Coaching career (HC unless noted)
- 1967–1969: St. Philip's
- 1969–1972: Jackson State (assistant)
- 1972–1973: Wiley
- 1973–1979: Prairie View A&M
- 1979–1988: Huston–Tillotson
- 1990–2002: Prairie View A&M
- 2010–2013: Huston–Tillotson

Administrative career (AD unless noted)
- 1988–1990: Huston–Tillotson (assistant AD)

Head coaching record
- Overall: 153–377 (.305)
- Tournaments: 0–1 (NCAA)

= Elwood Plummer =

American basketball coach

Elwood Overton Plummer (October 22, 1944 – October 24, 2023) was an American basketball coach and player. He served as the head coach of the Prairie View A&M Panthers from 1973 to 1979, and 1990 to 2002.

==Playing career==
Plummer was born in San Antonio, Texas, and attended Wheatley High School. He played on the school's basketball team and averaged 28 points per game as a senior. Plummer attended San Antonio College for two years and became one of the most prolific scorers in the junior college ranks. During his sophomore season, he led the Texas Junior College Athletic Association in scoring with 29.8 points per game and was named the league's most valuable player. Plummer transferred to play for the Jackson State Tigers and became one of the top guards in the Southwestern Athletic Conference (SWAC). He graduated from Jackson State University in 1966.

==Coaching career==
Plummer began his coaching career at St. Philip's College in San Antonio for two seasons, where he accumulated a 41–19 record. He returned to the Jackson State Tigers team in 1969 as an assistant coach to Paul Covington. Plummer was appointed as head coach of the Wiley College basketball team in 1972, where he amassed a 20–8 record and won the state tournament in his only season.

Plummer was named head coach of the Prairie View A&M Panthers on August 25, 1973, where he became the youngest head coach in the SWAC at the age of 28. He directed winning teams from 1973 to 1979. Plummer served as the head coach of the Huston–Tillotson University men's basketball team from 1979 to 1988. He was the associate athletic director of Huston–Tillotson from 1988 to 1990.

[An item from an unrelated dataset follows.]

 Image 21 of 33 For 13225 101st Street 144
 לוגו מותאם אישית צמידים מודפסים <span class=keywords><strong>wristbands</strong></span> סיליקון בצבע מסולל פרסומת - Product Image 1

Plummer returned to Prairie View A&M in April 1990 but the university discontinued its basketball program one month later. It was reinstated in July 1990 but with few remaining players and no scholarship program. Prairie View A&M's limited recruitment abilities led to Plummer targeting players who had a high academic average that would qualify for an academic scholarship or those who were indigent and qualified for financial aid. The Panthers had an 0–28 record during the 1991–92 season that established an NCAA Division I record for most losses in a season. Plummer experienced his greatest success with the Panthers during the 1997–98 season as the team won its first SWAC tournament title and appeared in the 1998 NCAA Division I men's basketball tournament.

On March 10, 2002, Plummer and his coaching staff were dismissed by Prairie View A&M. His total record with the Panthers was 153–377. Plummer returned to Huston–Tillotson in 2010 as head coach until his departure in 2013.

Plummer was inducted into the Texas Black Sports Hall of Fame in 2006.

==Personal life==
Plummer married twice and had a daughter.

Plummer died on October 24, 2023, at the age of 79 in San Antonio, Texas.